Representative Kevin Brady, a Republican from Texas and vice chairman of the Joint Economic Committee, called the numbers “beyond disappointing.”
“The damage being done by the Obama administration’s policies have produced a weak recovery,” he wrote in a statement.
The American economy has been growing since the second half of 2009, coming close to a 4 percent growth rate in early 2010 before faltering. Growth slowed nearly to a halt in the first quarter of 2011 but accelerated throughout the rest of the year.
The first-quarter growth was weaker than expected. United States stock markets largely shrugged it off, however, perhaps in part because the country is growing while many economies are contracting.
Economists initially predicted a much weaker showing in the latest quarter, partly because of a large accumulation of inventories in the fall and winter that needed to be worked off. But in the last few weeks, expectations rose on strong jobs reports and rising consumer confidence.

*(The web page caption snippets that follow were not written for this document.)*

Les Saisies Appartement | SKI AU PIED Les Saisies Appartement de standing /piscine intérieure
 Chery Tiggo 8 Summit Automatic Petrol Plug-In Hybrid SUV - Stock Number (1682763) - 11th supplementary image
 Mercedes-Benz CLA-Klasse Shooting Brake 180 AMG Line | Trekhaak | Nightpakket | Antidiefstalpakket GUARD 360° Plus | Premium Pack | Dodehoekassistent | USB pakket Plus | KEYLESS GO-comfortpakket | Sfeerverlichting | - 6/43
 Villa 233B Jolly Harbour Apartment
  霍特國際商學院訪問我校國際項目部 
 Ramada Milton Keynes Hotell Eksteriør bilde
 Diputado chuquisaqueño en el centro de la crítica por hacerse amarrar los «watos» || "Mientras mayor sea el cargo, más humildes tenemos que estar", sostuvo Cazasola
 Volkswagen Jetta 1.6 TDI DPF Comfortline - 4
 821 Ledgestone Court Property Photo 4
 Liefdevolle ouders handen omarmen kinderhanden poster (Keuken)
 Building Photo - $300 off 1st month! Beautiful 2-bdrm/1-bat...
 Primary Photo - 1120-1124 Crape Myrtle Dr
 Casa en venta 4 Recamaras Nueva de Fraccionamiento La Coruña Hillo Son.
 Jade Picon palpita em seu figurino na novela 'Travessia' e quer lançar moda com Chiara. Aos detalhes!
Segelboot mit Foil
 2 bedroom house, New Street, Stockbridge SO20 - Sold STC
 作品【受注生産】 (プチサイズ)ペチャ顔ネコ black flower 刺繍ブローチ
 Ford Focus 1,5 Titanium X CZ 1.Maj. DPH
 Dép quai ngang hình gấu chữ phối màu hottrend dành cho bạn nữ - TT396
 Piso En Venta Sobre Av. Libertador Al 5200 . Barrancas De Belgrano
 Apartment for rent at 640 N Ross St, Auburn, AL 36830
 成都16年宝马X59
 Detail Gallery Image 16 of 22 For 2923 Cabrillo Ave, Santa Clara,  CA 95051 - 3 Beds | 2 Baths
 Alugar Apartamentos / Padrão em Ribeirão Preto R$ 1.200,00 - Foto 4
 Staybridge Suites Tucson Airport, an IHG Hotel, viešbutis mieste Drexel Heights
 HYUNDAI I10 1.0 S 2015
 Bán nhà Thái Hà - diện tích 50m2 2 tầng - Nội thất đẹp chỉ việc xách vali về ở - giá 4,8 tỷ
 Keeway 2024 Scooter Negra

Consumer spending did turn out to be the major strength early this year, growing 2.9 percent compared with 2.1 percent in the last quarter of 2011. Business investment, which had been a bright spot, declined in the most recent quarter.
Government spending also fell more than anticipated, lopping more than half a percentage point off total growth, thanks in part to a particularly large drop in military outlays.
Many economists pointed out that consumer spending, mostly on cars and other large items, seemed to have come at a cost. Consumer savings declined. That suggests that spending growth could become unsustainable as households exhaust their reserves. But estimates of personal income tend to be revised upward, and past declines in the savings rate have been erased by later estimates.
Economists were also troubled by the decline in business investment. Businesses spent more on equipment and software but much less on infrastructure. Some of that decrease was expected because a tax break for capital investment expired at the end of the year.
By far the steepest decline in investment in the first quarter was in construction related to mining, oil and gas, while manufacturers actually increased their spending on factories and office buildings.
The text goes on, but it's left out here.